- Your objective:
Your copy should repeat the data that follows exactly and contain no image.

- Exercise inputs:
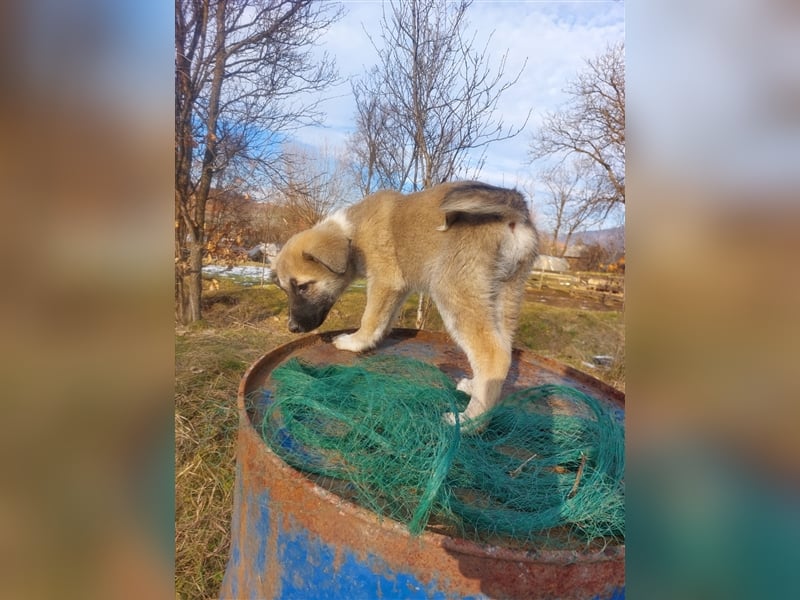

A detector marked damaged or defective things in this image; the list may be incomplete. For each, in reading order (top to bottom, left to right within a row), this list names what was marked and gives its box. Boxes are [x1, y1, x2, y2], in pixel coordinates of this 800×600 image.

rusted rim of barrel [236, 330, 624, 564]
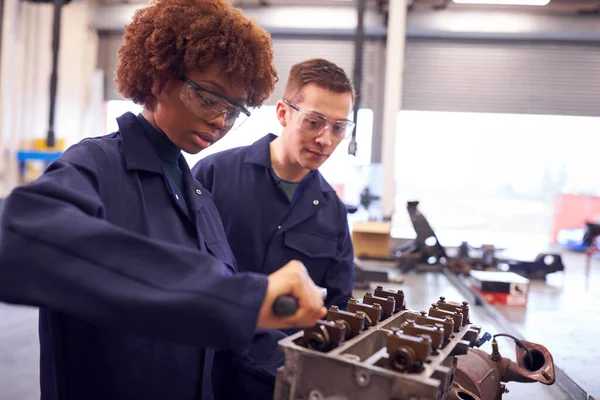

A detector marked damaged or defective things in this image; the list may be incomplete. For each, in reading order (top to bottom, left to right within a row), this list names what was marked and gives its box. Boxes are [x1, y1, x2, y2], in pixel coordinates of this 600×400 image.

rusty metal engine part [274, 290, 480, 400]
rusty metal engine part [448, 336, 556, 398]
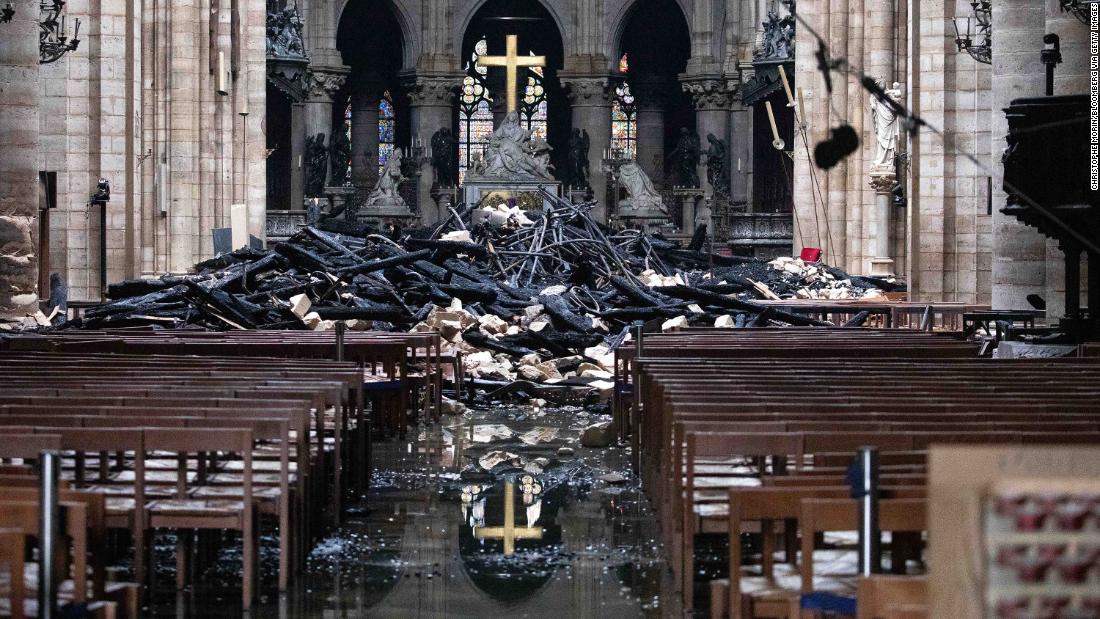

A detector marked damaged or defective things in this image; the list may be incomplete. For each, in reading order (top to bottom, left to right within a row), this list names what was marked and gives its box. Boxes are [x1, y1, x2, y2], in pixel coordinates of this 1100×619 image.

- Answer to the exercise:
A detector marked damaged or defective things in this image; the list may be incomplete. For each, in reading order (top to bottom, left to right within a row), this list names what was marked and gives its box. Boxes are [x1, y1, x2, y2], in pixel coordinates of this 800×600 image.

rusted rim of barrel [236, 330, 624, 564]

A detector marked damaged or defective things in this image; the list may be incomplete. For each, in reading order (top to bottom, left to right within a row), this list names what was marked and gives its box. Boxes are [x1, y1, x2, y2], in pixel coordinates of this 600×400 image.

rusty metal engine part [274, 290, 480, 400]
rusty metal engine part [448, 336, 556, 398]

A detector marked damaged or defective things in this image; the list may be incomplete. For each, in reading order (top to bottom, left to right within a row), this list names what was marked and gives its box. Boxes are [x1, y1, x2, y2], in pixel coordinates of this 1100×619 image.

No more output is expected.